Raising prices is not as simple as changing an item’s price tag. Prices are always determined by what the market will pay and not by what the vendor needs or wants to charge. Not all cost increases can be passed on to consumers in higher prices.
If raising the price of a product or service in response to an increase in minimum wage drives the price higher than some people are willing to pay, they will buy less of the product or stop buying the product altogether and switch to substitutes.
Consequently, while some workers benefit from an increase in minimum wage, others in supplier industries suffer through job loss or lower wages resulting from the reduced demand for their products and labor. Eventually, even the boost in income for the few is offset by higher prices and lower future wages brought on by reduced economic growth — a net loss for them and the whole community.
When prices are not raised, marginal producers in the industry affected by a higher minimum wage may be forced out of business. Marginal employees — teenagers and entry-level candidates — are replaced by more-seasoned employees who are enticed to take jobs for which they are overqualified because the jobs are now overcompensated. Employers get more picky about whom they hire.

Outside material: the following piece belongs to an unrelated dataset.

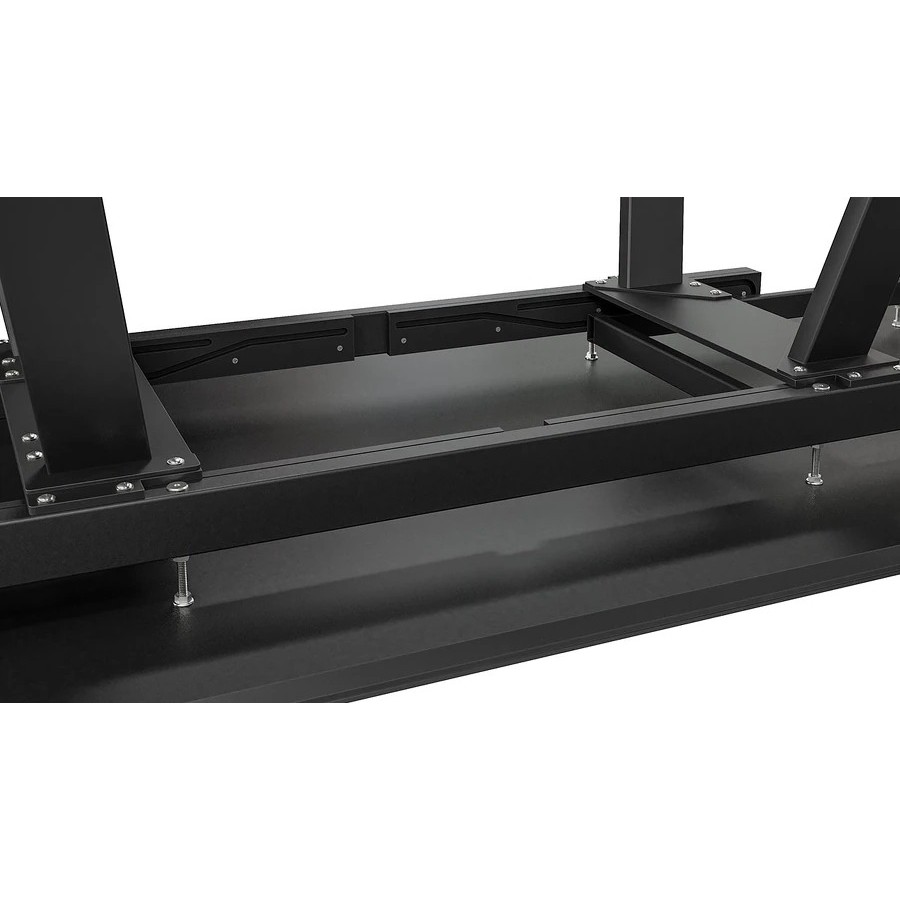 Стол обеденный «Дэкстон» тип 1 Черный муар, Керамика матовая белый мрамор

In short, raising the minimum wage always negatively affects employment opportunity and reduces production. How extended and how visible the negative effects of a minimum-wage increase are depends on how deep you look.

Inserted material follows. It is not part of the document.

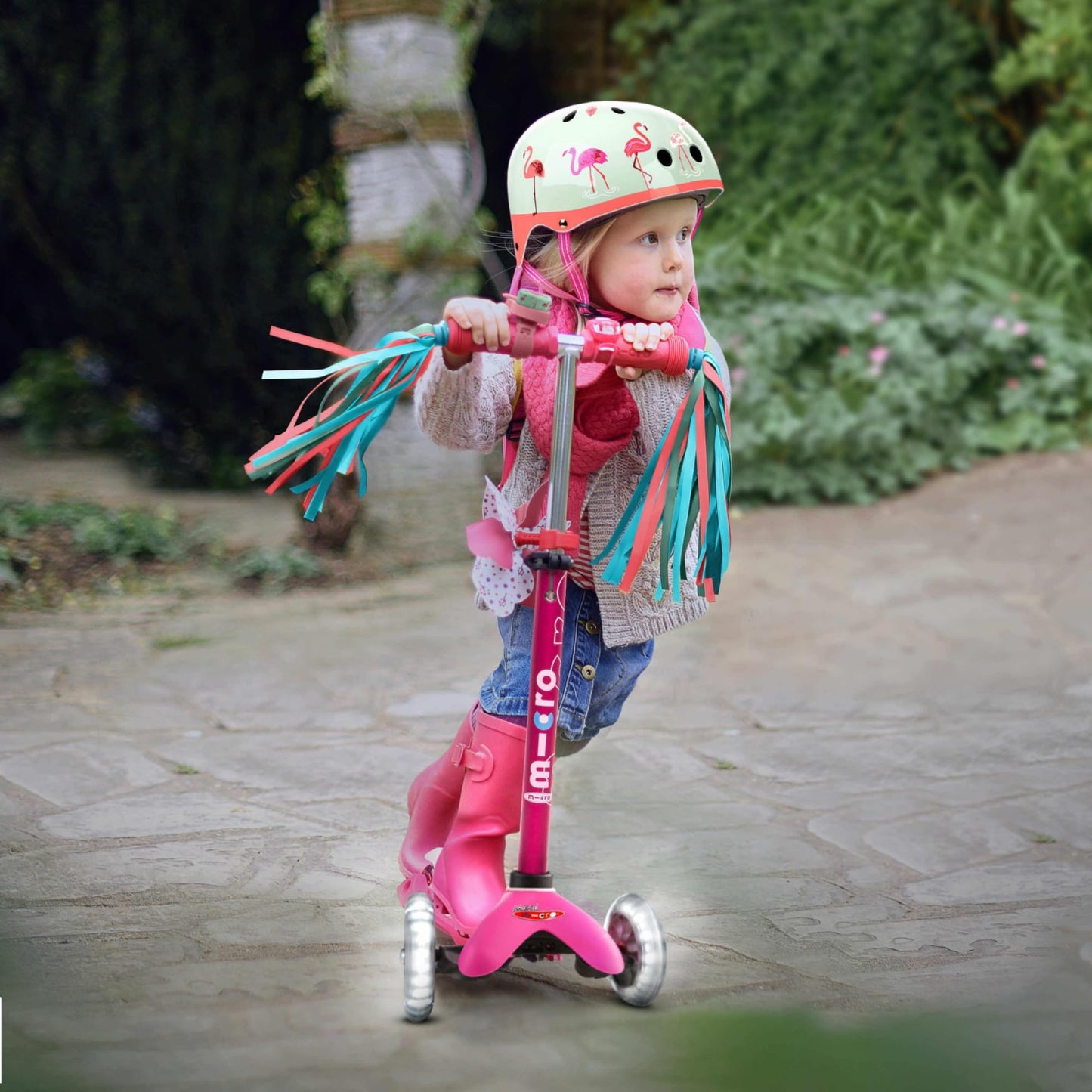 Micro Kickboard | Mini Foldable LED Kids Scooter for Ages 2-5 | Children up to 110 lbs | 3 Wheel Lean-to-Steer | Adjustable T Bar | Smooth Ride, Motion-Activated PU LED Wheels | Swiss Design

In a free-exchange economy, everybody’s money income is someone else’s cost. One cannot push in one side of the economic balloon without causing it to bulge out someplace else.
$7.25 an hour is a price for labor as surely as $7.50 a ticket is a price for going to the movies. Who would argue that the path to prosperity lies in arbitrarily raising the price of a movie ticket by a dollar or two? Who would argue that higher-priced entertainment or higher-priced goods and services generally are good for low-income households?
No one. Not ever.
And yet minimum-wage supporters argue vehemently that arbitrarily raising the price of labor is the way to build a sound economy — even if the result is higher prices generally. They would never agree that higher prices are good, however, without the moral predicate that the increase goes to the employee and not the employer. The “goodness” or “badness” of a price increase is determined solely by who receives the benefit.
For example, speaking of the possibility of a minimum-wage increase in Minnesota, state Sen. Chris Eaton, DFL-Brooklyn Center, told the Austin Herald: “It addresses a basic value we hold in Minnesota. That honest, hardworking people deserve a fair and living wage.”
So saying, Eaton confuses personal moral values with universal economic principles. Her value-based rationale for increasing the minimum wage, however laudable, has no causal connection to achievable results.
(And progressives claim that conservatives reject objective science!)
Values are subjective and variable — mine differ from yours; mine today differ from mine 25 years ago. Principles are objective and constant — A + B = C today, just as it did yesterday, and just as it will tomorrow. If we do A and B, C will happen; whether we value C or whether C is desirable is irrelevant.
Yes, it is that simple — as simple and elegant as a LeBron James slam dunk.
Craig Westover is a writer and Republican activist.